C’est exactement notre objectif. Et c’est pourquoi nous avons voulu faire de ce festival une manifestation rassemblant tous les acteurs de l’innovation : les inventeurs, les entreprises , les pépinières, les incubateurs, les technopoles, l’INPI… En favorisant les échanges, en faisant se rencontrer des expertises complémentaires, nous avons l’ambition de créer une vraie dynamique pour que les projets se concrétisent.. En 2007, plus de 50% des exposants ont rencontré des partenaires. Autre point très important : les inventeurs peuvent tester leurs projets auprès du grand public, en vendant par exemple des pré-séries. Ils ont ainsi très vite un verdict sur le potentiel d’intérêt et donc de succès de leurs créations.
Vous avez des exemples ?
Oui, bien sûr. Je pense notamment à Gilles Labardin, inventeur, designer, artiste autodidacte, qui a présenté au Festival I’NOV 2007 le Port’Ailes, un portail qui se déplie en éventail. Il a bénéficié de l’appui du Conseil Général du Lot et Garonne et de Transtech pour la rédaction du brevet, du concours du département ingénierie d’une entreprise pour la réalisation d’un prototype. Aujourd’hui, un contrat de concession de licence a été signé et le Port’Ailes est fabriqué industriellement. Les premiers modèles ont déjà été livrés.

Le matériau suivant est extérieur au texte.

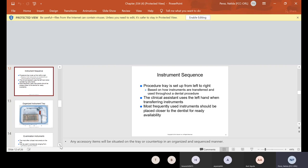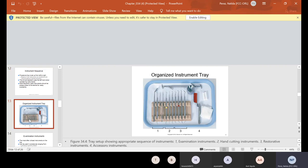So, here is the tray. And if you look at the tray, the first set here is called your examination. So that's your mouth mirror, explorer, and cotton plier.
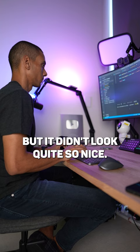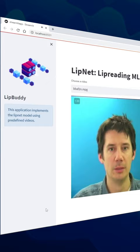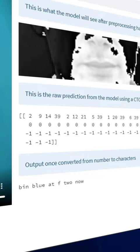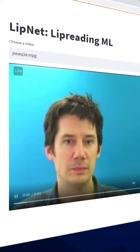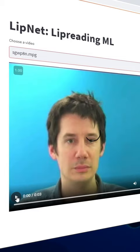Here's the app live and running as of this morning. It takes in a video and it's able to transcribe exactly what the person is saying using nothing but machine learning lip reading. The demo outputs include: 'Pin blue F2 now,' 'Place Y to Q3 again,' and 'Set green with P8 now.'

Quelles sont les grandes lignes du programme du Festival I’NOV 2008 ?
Au delà des projets exposés, nous allons avoir également des conférences autour de trois thématiques : - les parcours de réussite, à travers des témoignages d’industriels, d’inventeurs qui racontent leurs expériences, - comment organiser le développement d’un projet innovant, avec l’intervention de spécialistes, juristes, ingénieurs, industriels, pour savoir par exemple à quel moment déposer un brevet et pour quelles raisons, comment réaliser un prototype … - comment utiliser au mieux le réseau innovation, c’est-à -dire les diverses structures institutionnelles qui existent pour aider très concrètement les inventeurs à développer leurs projets et à devenir entrepreneurs.
Pouvez-vous nous parler de la dimension internationale de I’NOV ?

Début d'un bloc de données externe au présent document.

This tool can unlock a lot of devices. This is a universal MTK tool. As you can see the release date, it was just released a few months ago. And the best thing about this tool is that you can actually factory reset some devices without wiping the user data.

Dès la création du Festival, nous avons souhaité l’ouvrir sur le monde. Les inventeurs forment une communauté en ceci qu’ils rencontrent les mêmes problématiques, quel que soit leur pays. Nous avons ainsi accueilli l’an dernier une délégation d’inventeurs de Taïwan, qui a fait l’effort de ce long voyage pour trois jours, ce qui bien sûr nous conforte dans la pertinence de notre mission. Cette année, c’est le Québec qui sera à l’honneur, à l’occasion de la célébration de ses 400 ans. Nous entretenons également des liens étroits avec l’Espagne, la Hongrie, la Pologne, la Croatie, des pays en plein développement qui accordent une place importante à l’innovation.
Existe-t-il des tendances dans le domaine de l’innovation, comme il peut y en avoir dans le design par exemple ?
Oui, il y a une actualité de l’innovation, en liaison avec l’évolution de nos sociétés. Aujourd’hui, beaucoup de projets concernent les énergies renouvelables et l’éco-habitat. Le Festival 2008 va d’ailleurs consacrer une part importante à des projets très innovants dans ce domaine. Il est frappant de constater que des inventions considérées il y a quelques années comme loufoques sont aujourd’hui prises au sérieux. Je pense à la voiture à air comprimé, inventée par Guy Nègre et qui est en cours de fabrication chez le grand constructeur automobile indien Tata.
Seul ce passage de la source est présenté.